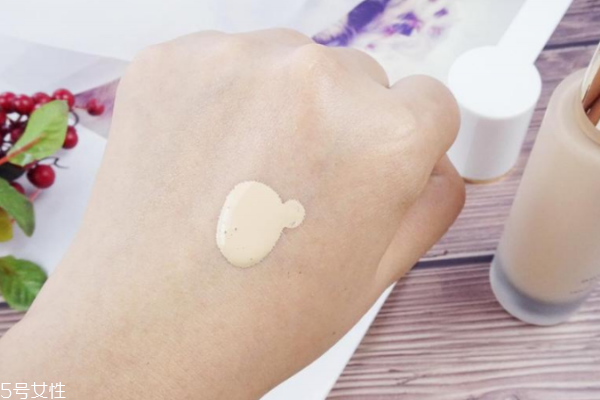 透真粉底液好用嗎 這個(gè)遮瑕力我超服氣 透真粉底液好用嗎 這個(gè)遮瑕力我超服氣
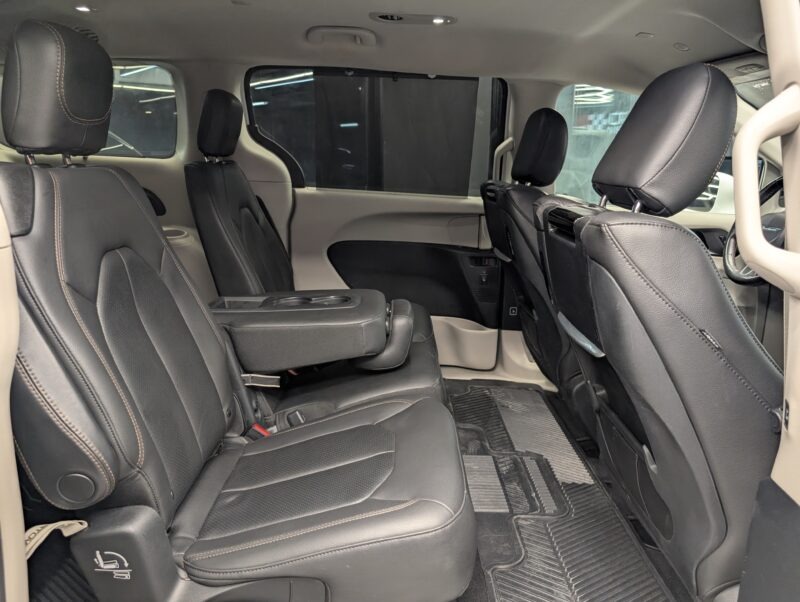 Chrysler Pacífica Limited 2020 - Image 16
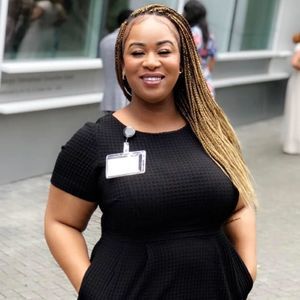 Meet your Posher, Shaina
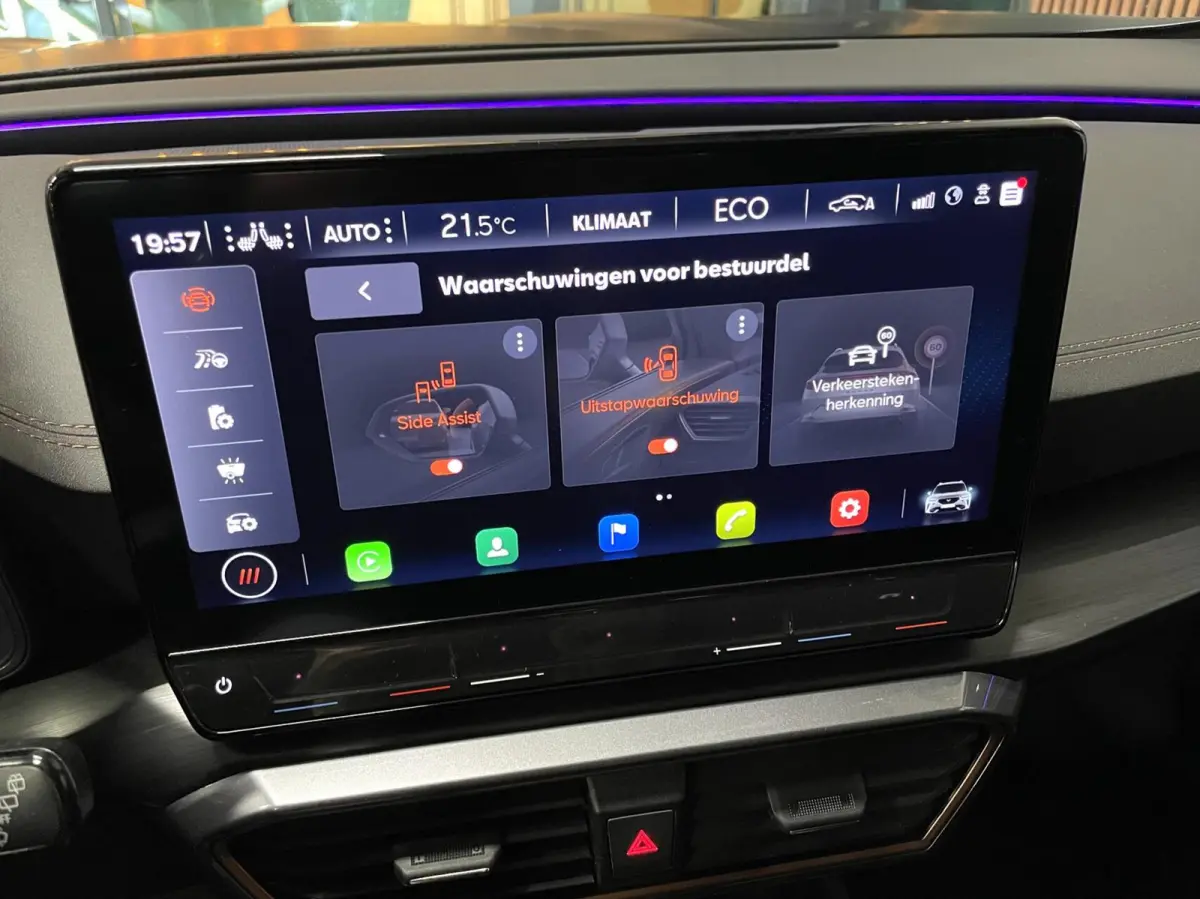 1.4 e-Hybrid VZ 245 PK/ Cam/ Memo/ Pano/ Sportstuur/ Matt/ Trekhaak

──────────────────────────────

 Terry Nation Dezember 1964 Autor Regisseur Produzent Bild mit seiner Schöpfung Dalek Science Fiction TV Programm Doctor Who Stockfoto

──────────────────────────────

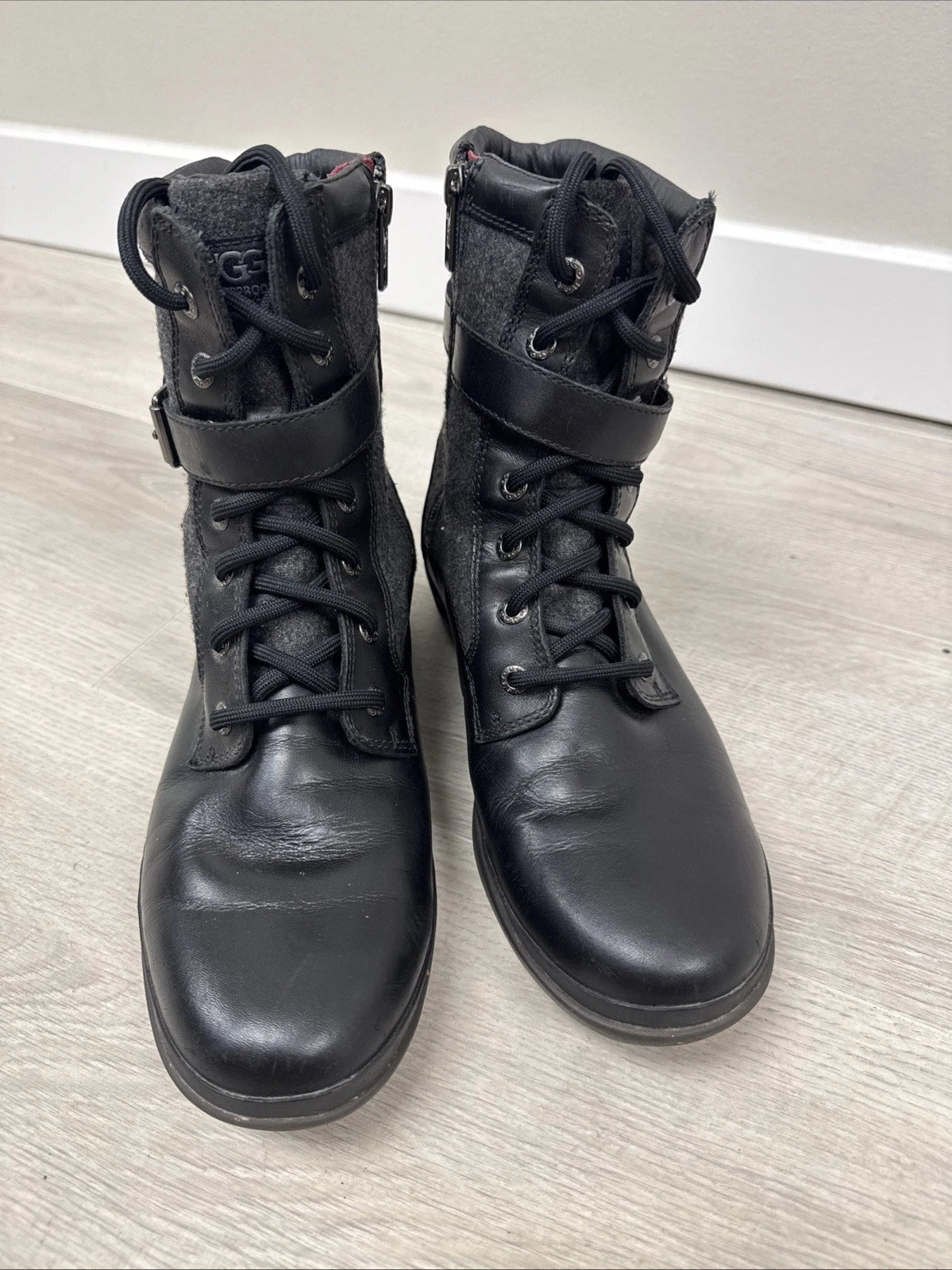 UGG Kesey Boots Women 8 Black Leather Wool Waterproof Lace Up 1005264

──────────────────────────────

▶ _Work order_
Word for word, restate the lines above from the one with "透真粉底液好用嗎 這個(gè)遮瑕力我超服氣 透真粉底液好用嗎" through the one with "1.4 e-Hybrid VZ", keeping both ends and dropping the pictures.

▶ _Exercise solution_
 透真粉底液好用嗎 這個(gè)遮瑕力我超服氣 透真粉底液好用嗎 這個(gè)遮瑕力我超服氣
 Chrysler Pacífica Limited 2020 - Image 16
 Meet your Posher, Shaina
 1.4 e-Hybrid VZ 245 PK/ Cam/ Memo/ Pano/ Sportstuur/ Matt/ Trekhaak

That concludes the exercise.